- Task brief -
A verbatim copy is needed of the lines below from the one containing "Negombo: Guided City" up to and including the one containing "Miniatura 29 de", excluding pictures.

- Provided material -
* * * * *

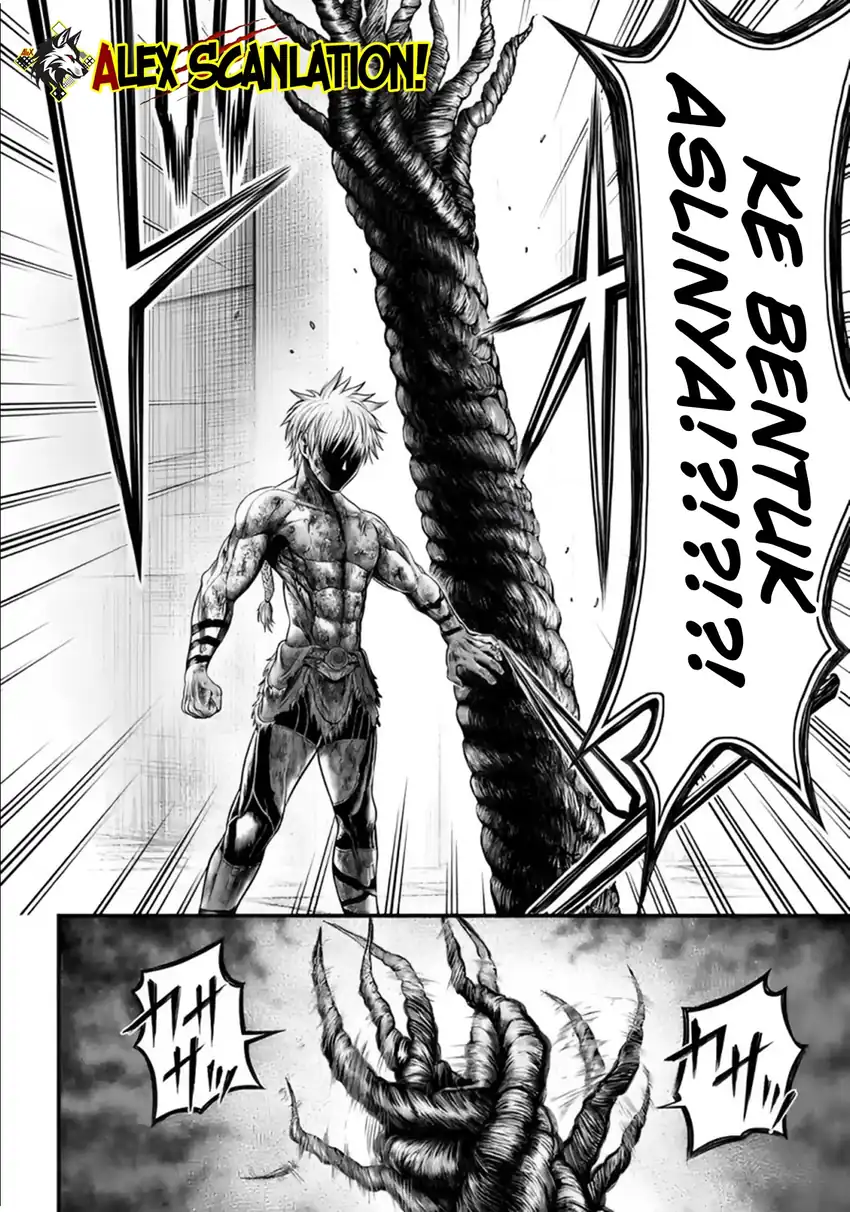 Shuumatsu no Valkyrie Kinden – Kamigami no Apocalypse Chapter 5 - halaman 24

* * * * *

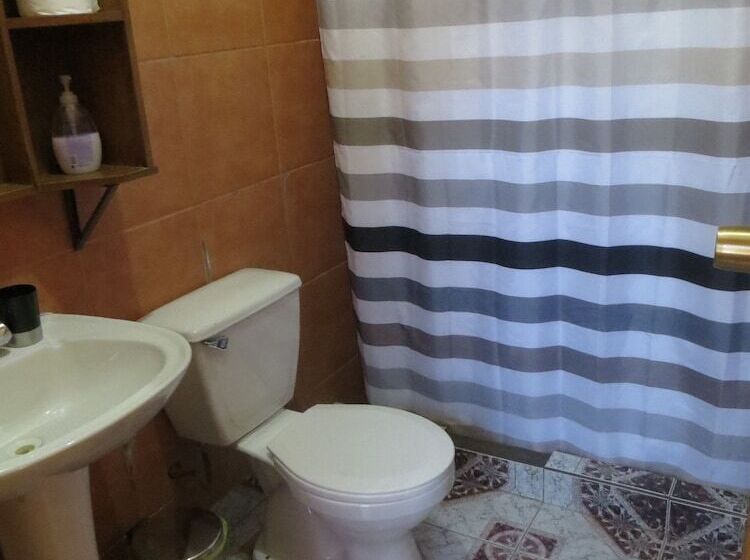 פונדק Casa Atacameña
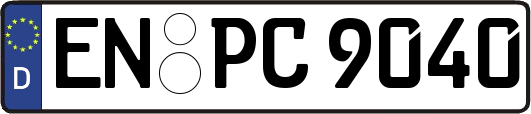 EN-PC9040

* * * * *

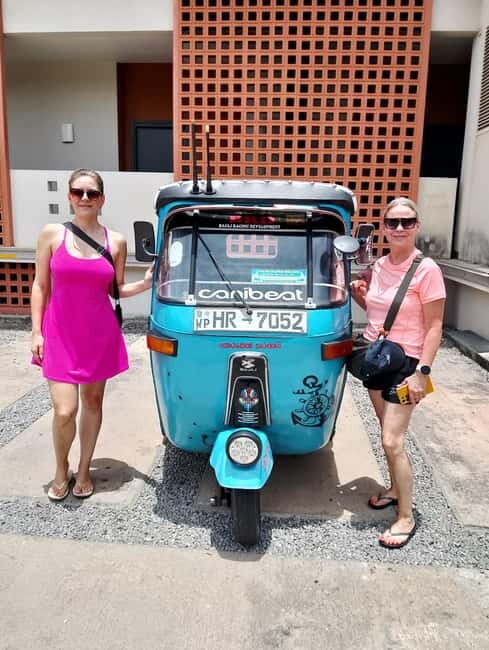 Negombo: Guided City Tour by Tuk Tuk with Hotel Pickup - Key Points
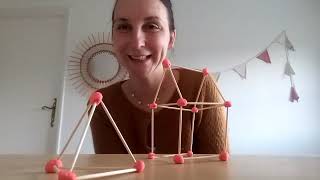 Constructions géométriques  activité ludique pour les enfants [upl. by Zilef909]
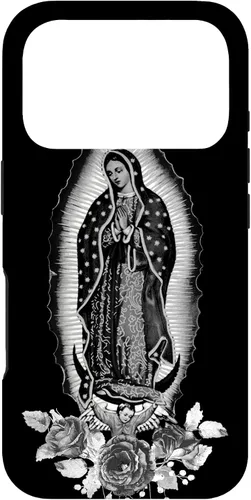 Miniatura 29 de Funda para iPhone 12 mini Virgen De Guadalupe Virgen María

* * * * *

- Reply -
 Negombo: Guided City Tour by Tuk Tuk with Hotel Pickup - Key Points
 Constructions géométriques  activité ludique pour les enfants [upl. by Zilef909]
 Miniatura 29 de Funda para iPhone 12 mini Virgen De Guadalupe Virgen María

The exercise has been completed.